Adrienne Rich, the influential poet and essayist, has died at age 82.
Like many women of my generation I read Of Woman Born in college. Though having children was the last thing on my mind back in the 1990s, I was oddly relieved to find a feminist writing about motherhood. This was not a hot topic in the feminism of my youth. Motherhood was almost too messy and complicated to deal with. Mostly it just wasn’t brought up. We could take back the night. We could break the glass ceiling but how could we possibly talk about making babies in a positive way? Weren’t we trying to escape this role? Flee our wretched biology? Not be defined by our wombs? Or tits and asses? Our parts?
I will always be grateful to Adrienne Rich for going into that messy topic and making me feel and understand things I needed to feel and understand about my body and my . “Not biology,” she once wrote, “but ignorance of ourselves, has been the key to our powerlessness.”

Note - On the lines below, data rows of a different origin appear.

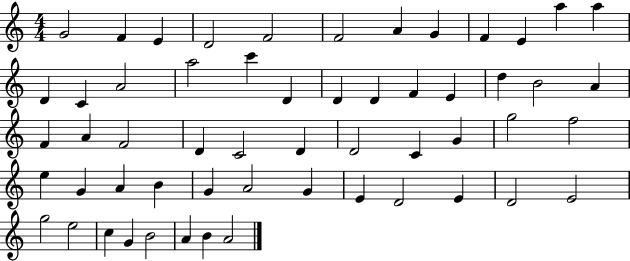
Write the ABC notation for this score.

X:1
T:Untitled
M:4/4
L:1/4
K:C
G2 F E D2 F2 F2 A G F E a a D C A2 a2 c' D D D F E d B2 A F A F2 D C2 D D2 C G g2 f2 e G A B G A2 G E D2 E D2 E2 g2 e2 c G B2 A B A2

I thought about her poems and essays when I became a mother and I’m thinking about her today. Here are some of her words:
“The connections between and among women are the most feared, the most problematic, and the most potentially transforming force on the planet.”
“Probably there is nothing in human nature more resonant with charges than the flow of energy between two biologically alike bodies, one of which has lain in amniotic bliss inside the other, one of which has labored to give birth to the other. The materials are here for the deepest mutuality and the most painful estrangement.”

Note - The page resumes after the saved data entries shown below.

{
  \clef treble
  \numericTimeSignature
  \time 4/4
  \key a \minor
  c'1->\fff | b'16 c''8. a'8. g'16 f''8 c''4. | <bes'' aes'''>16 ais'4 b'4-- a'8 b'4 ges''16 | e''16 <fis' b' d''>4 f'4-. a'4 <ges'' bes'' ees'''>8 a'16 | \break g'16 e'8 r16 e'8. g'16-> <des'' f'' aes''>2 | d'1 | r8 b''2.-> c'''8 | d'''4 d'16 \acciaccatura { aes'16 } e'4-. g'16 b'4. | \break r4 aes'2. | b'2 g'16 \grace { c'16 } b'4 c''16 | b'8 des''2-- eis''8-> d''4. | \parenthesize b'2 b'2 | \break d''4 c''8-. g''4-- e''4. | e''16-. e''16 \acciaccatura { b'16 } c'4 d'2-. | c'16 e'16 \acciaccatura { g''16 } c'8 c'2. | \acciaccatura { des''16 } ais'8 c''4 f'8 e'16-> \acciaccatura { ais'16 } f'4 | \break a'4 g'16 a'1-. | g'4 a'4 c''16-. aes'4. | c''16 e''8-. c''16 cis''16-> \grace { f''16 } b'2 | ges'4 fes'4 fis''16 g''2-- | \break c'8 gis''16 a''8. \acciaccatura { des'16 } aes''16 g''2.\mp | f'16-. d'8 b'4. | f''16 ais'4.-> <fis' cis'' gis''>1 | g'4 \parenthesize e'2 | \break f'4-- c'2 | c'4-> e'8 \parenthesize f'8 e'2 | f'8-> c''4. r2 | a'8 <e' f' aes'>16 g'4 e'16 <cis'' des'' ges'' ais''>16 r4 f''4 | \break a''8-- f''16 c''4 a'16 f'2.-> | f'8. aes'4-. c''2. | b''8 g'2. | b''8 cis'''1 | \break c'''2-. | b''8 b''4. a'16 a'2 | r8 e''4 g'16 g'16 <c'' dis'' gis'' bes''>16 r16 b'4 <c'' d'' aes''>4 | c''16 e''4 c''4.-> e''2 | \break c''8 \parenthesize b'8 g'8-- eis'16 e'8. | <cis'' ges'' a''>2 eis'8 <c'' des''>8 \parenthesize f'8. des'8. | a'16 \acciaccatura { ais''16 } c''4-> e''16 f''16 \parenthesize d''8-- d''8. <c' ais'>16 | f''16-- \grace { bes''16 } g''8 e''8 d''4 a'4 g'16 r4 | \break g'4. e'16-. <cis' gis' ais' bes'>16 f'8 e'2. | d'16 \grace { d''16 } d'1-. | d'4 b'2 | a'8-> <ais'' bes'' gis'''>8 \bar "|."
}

“Responsibility to yourself means that you don’t fall for shallow and easy solutions–predigested books and ideas…marrying early as an escape from real decisions, getting pregnant as an evasion of already existing problems. It means that you refuse to sell your talents and aspirations short…and this, in turn, means resisting the forces in society which say that women should be nice, play safe, have low professional expectations, drown in love and forget about work, live through others, and stay in the places assigned to us. It means that we insist on a life of meaningful work, insist that work be as meaningful as love and friendship in our lives. It means, therefore, the courage to be ‘different’…The difference between a life lived actively, and a life of passive drifting and dispersal of energies, is an immense difference. Once we begin to feel committed to our lives, responsible to ourselves, we can never again be satisfied with the old, passive way.”
“Life on the planet is born of woman.”
“The worker can unionize, go out on strike; mothers are divided from each other in homes, tied to their children by compassionate bonds; our wildcat strikes have most often taken the form of physical or mental breakdown.”